Let’s face it. We live in a world of speed and convenience. Everything today seems fast, and we demand service and solutions at a quicker rate than ever. We love ATM’s, high-speed internet access, fast food, instant messaging, and microwave ovens. When we send photos to friends, we even call it, “Instagram.” Unfortunately, this world of speed and convenience has diminished perseverance and work ethic in our kids. If you’ll recall yesterday’s research, when students were asked to work on a difficult math problem—one that couldn’t be solved quickly and easily—they lasted 34 seconds. At that point, students gave up, saying, “This is too hard.”
So What Do We Do?
Based on experiments done with Singapore students, let me suggest some practical steps that educators and parents can take right here at home:
1. Talk about the power of attitude and persistence.
Singapore teachers repeatedly talk to their students from a young age about attitude and persistence. They underscore how valuable this trait is for success in life.
2. Turn the problem into a picture or a puzzle.
Singapore teaching methods include “model drawing.” Students turn math problems into a picture. The graphic helps them by engaging both hemispheres of the brain.

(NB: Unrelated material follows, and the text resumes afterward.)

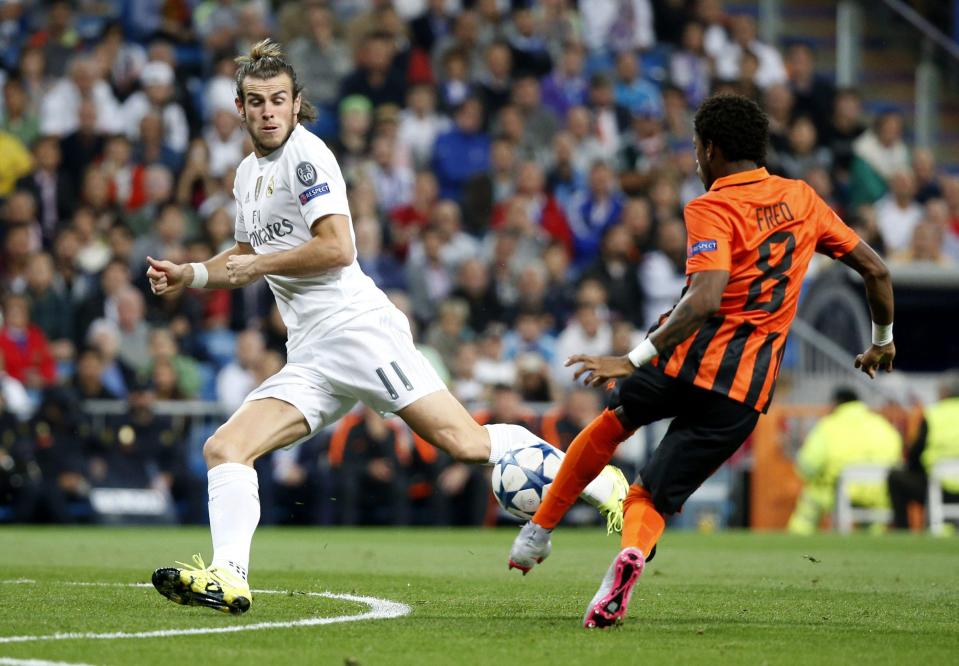  Fred in action against Real Madrid ace Gareth Bale in the Champions League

3. Start with smaller problems they can solve and put wins under their belts.
This is key in education and athletics worldwide. Always begin with challenges they can beat, to build confidence. It’s like weight lifting. Let them taste success so they can proceed to attain it on their own.
4. Share the “why” before the “what.”
We often fail to inspire students because we don’t share the relevance of a problem. Superb teachers reveal why a problem is important to understand before solving it.
5. When possible, place them in communities to work together.
Students learn best in communities, where they can solve problems in cooperation with peers. They often give up when they feel alone and inferior.
6. Make it a game or competition.
Singapore often takes advantage of the thrill that comes through turning problem-solving into a game. “Gamfication” in education will be normal within ten years.
7. Reward hard work and delayed gratification.
Remember, what gets rewarded gets repeated. Instead of rewarding mediocre effort, why not affirm hard work and actually reward completion in the end?
What would you add to this list? Have you succeeded in building perseverance in the students around you?